Tesla Motors CEO Elon Musk speaks during a news conference in Tokyo, Sept. 8, 2014. The Silicon Valley electric carmaker is expected to announce a wider third-quarter loss later Tuesday. Reuters

Analysts expect Tesla Motors Inc to report a bigger loss compared to last year when it releases third-quarter earnings later Tuesday. But many analysts say what's important is how many more cars it is selling, because that's what it needs to get to profitability.

On Monday, Elon Musk's Silicon Valley electric carmaker said it sold 11,580 cars in the third quarter. That brings its 2015 total so far to 33,157, making its full-year target of selling 50,000 to 55,000 cars a "tall order" even with the sport utility Model X it started shipping on Sept. 29, according to the Wall Street Journal. The target was already adjusted from 55,000 and if it's cut again, it may be because the Model X's design -- including gull-wing doors -- will make it difficult to ramp up production, according to Fortune magazine.

Tesla is expected to grow adjusted revenue by 35 percent in the July-September quarter -- to $1.26 billion, from $932.4 million in the same period last year. Analysts expect Tesla to post a fully reported loss of $95.5 million, greater than the $74.7 million in the year-ago period. Adjusting for certain charges and revenue streams that are not recognized by generally accepted accounting principles (GAAP), Tesla is forecast to lose $55.5 million compared with a $3.17 million gain in the same period last year.

Manufacturing shortcomings would have an even bigger impact when Tesla starts selling its mass-market Model 3 by 2017, the Journal pointed out.
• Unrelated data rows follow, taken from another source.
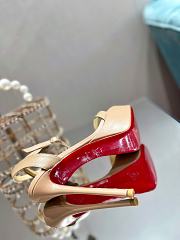 Kitlife Christian Louboutin Alta Nappa Nude - 4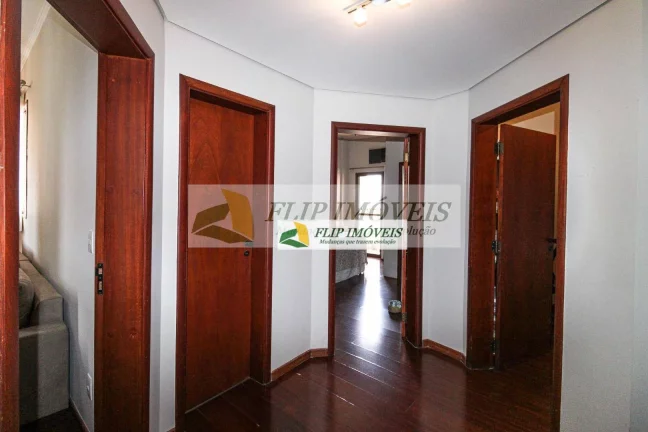 Imagem Lindo apartamento para venda com 235 m² com 4 quartos, 3 garagens no miolo Cambuí - Campinas - SP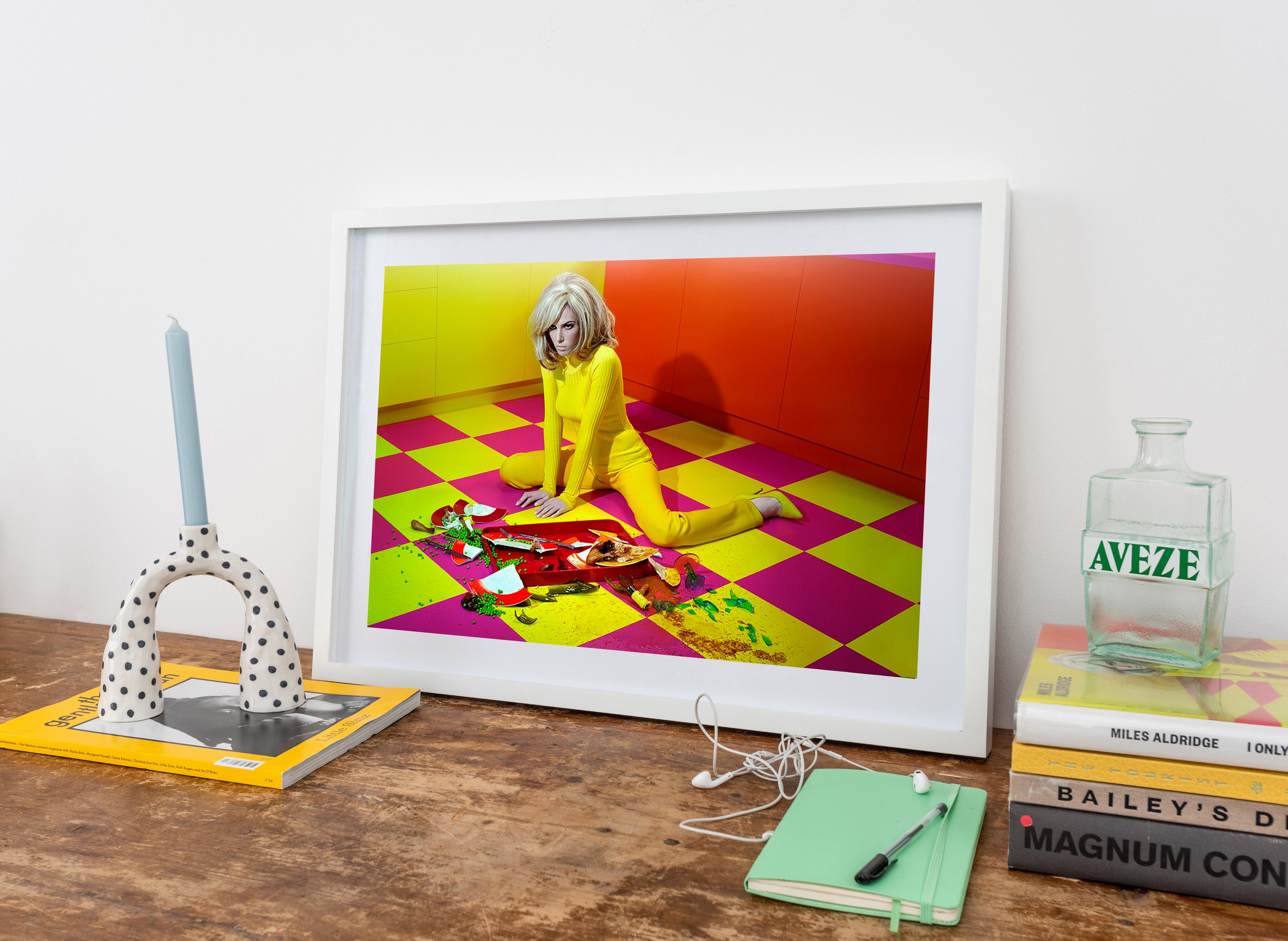 I Only Want You To Love Me #1, 2011 - Miles Aldridge (Colour Photography) For Sale 2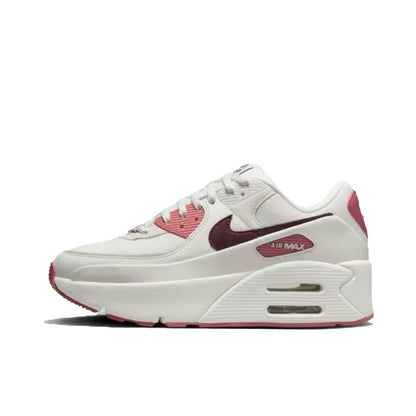 Nike Air Max 90 Classic Women's Running Shoes - Slip-Resistant, Durable, Lightweight, Comfortable for Daily Wear FD4615-111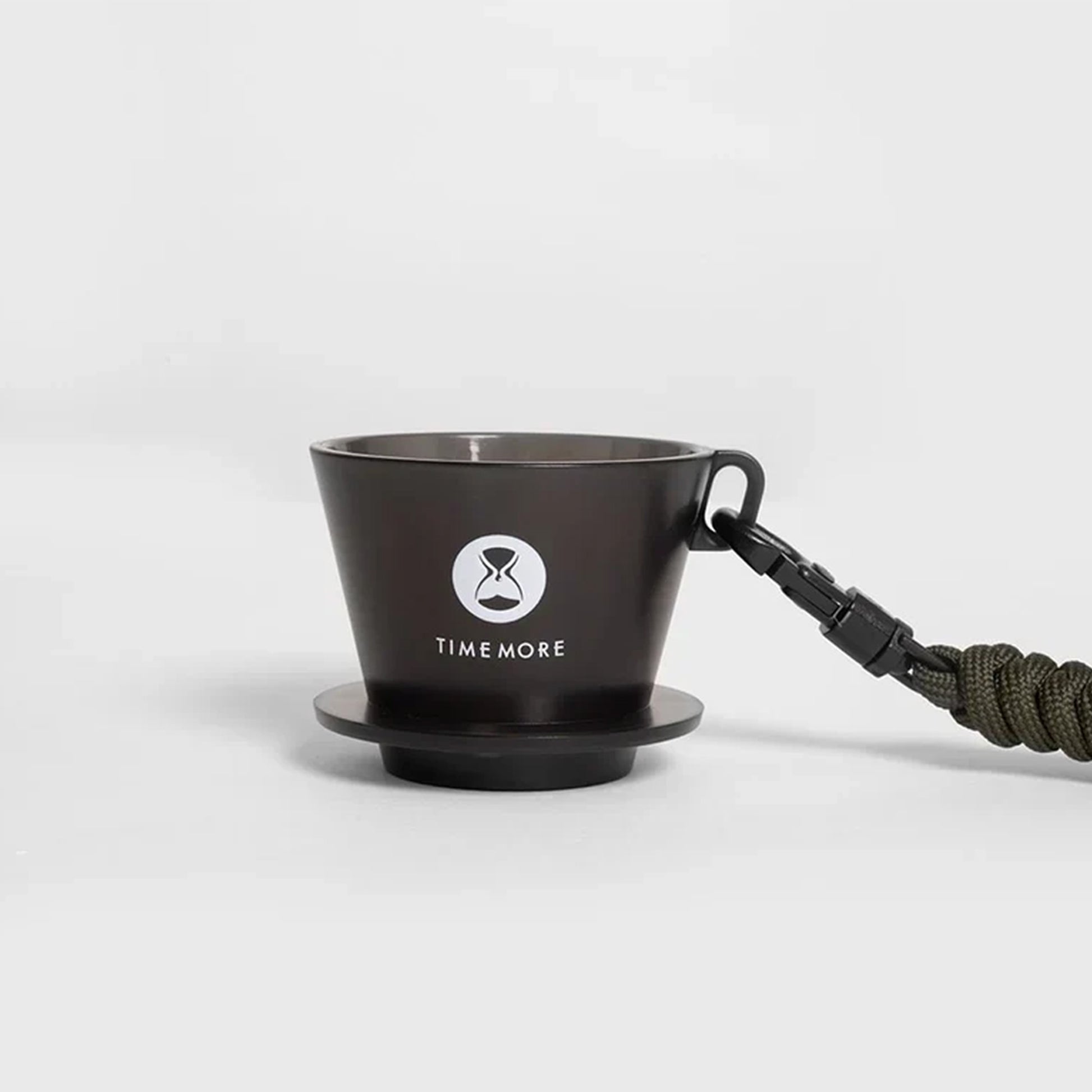 Timemore B75 Tasting Cup – Transparent Black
One more thing that could weigh on sales is Consumer Reports' withdrawal of its recommendation of the Model S last month. That could offset any gain from endorsements it gets from celebrities like CBS "Late Show" host Steven Colbert and buzz from an overnight software update that gave the car self-driving capabilities.

One sign the company is trying its best to boost revenue is its move to scrap the flat $100 fee it charges for a technician to pick up a car for repairs and replace it with a loaner till the owner's car is fixed. However, the $100 fee could now be the basic price tag, with some customers saying they paid over $600 for the service, according to Automotive News.